Segment Open

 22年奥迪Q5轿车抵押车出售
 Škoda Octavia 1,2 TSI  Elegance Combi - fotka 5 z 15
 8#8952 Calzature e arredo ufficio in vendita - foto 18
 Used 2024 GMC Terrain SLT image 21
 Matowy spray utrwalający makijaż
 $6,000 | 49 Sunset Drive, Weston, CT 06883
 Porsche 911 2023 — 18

Segment Closed
Segment Open

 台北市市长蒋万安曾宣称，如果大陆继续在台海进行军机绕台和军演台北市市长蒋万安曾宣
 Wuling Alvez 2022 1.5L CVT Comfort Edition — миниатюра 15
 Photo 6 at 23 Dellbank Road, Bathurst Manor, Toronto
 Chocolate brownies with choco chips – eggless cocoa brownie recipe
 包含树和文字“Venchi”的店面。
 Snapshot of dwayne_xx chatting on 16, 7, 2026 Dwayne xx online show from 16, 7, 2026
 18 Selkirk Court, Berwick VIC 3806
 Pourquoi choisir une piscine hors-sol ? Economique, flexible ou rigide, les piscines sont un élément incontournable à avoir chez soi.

Segment Closed
Segment Open

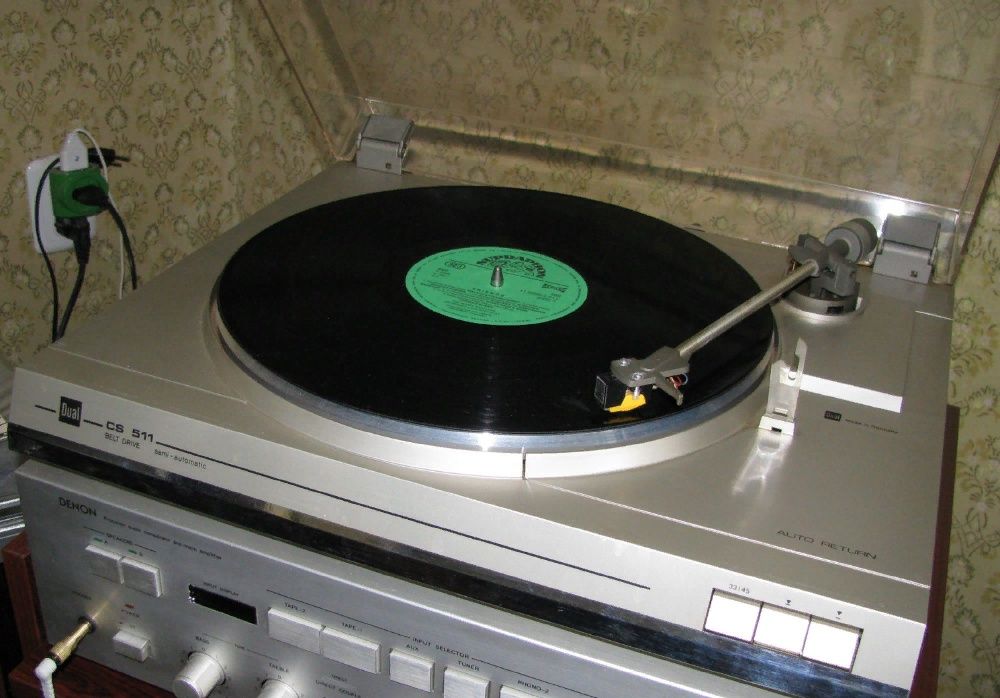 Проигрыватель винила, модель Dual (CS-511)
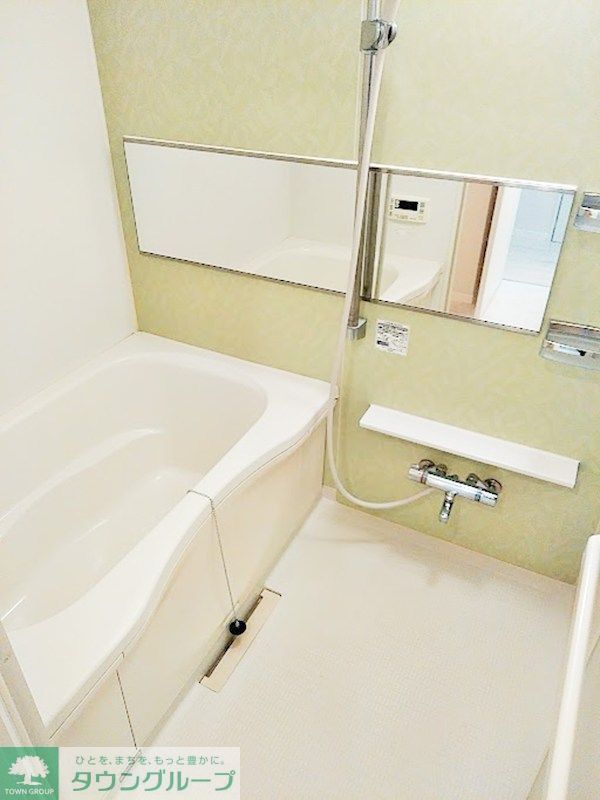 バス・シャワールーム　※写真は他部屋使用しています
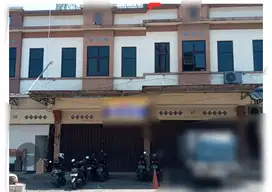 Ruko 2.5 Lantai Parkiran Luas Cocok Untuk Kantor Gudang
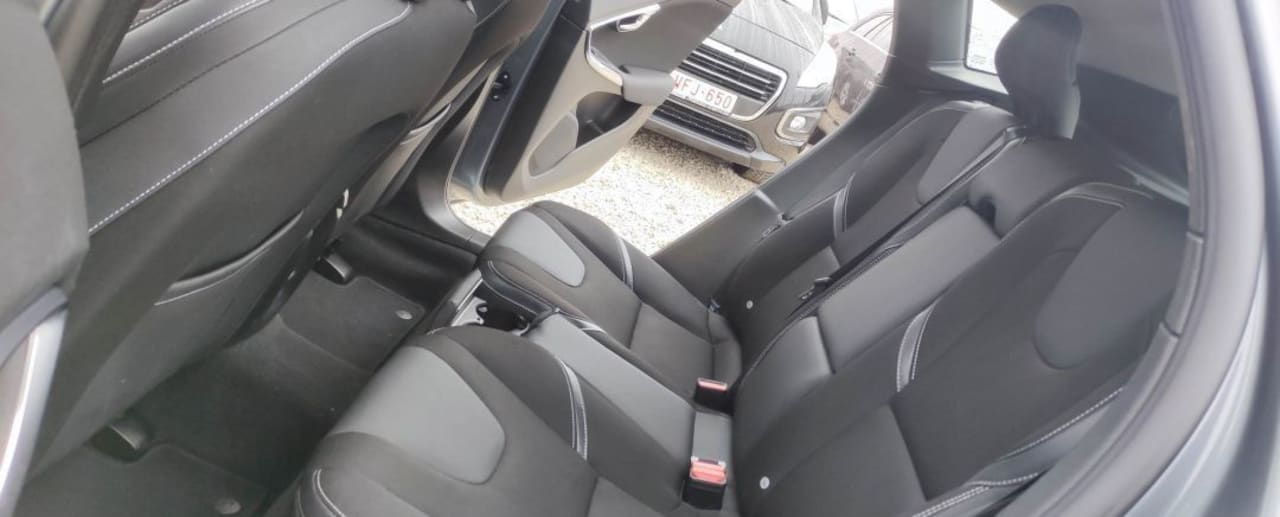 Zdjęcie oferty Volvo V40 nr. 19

Segment Closed

A word-for-word copy of the lines above from the one with "22年奥迪Q5轿车抵押车出售" through the one with "Porsche 911 2023 — 18", inclusive, is the only output wanted.

 22年奥迪Q5轿车抵押车出售
 Škoda Octavia 1,2 TSI  Elegance Combi - fotka 5 z 15
 8#8952 Calzature e arredo ufficio in vendita - foto 18
 Used 2024 GMC Terrain SLT image 21
 Matowy spray utrwalający makijaż
 $6,000 | 49 Sunset Drive, Weston, CT 06883
 Porsche 911 2023 — 18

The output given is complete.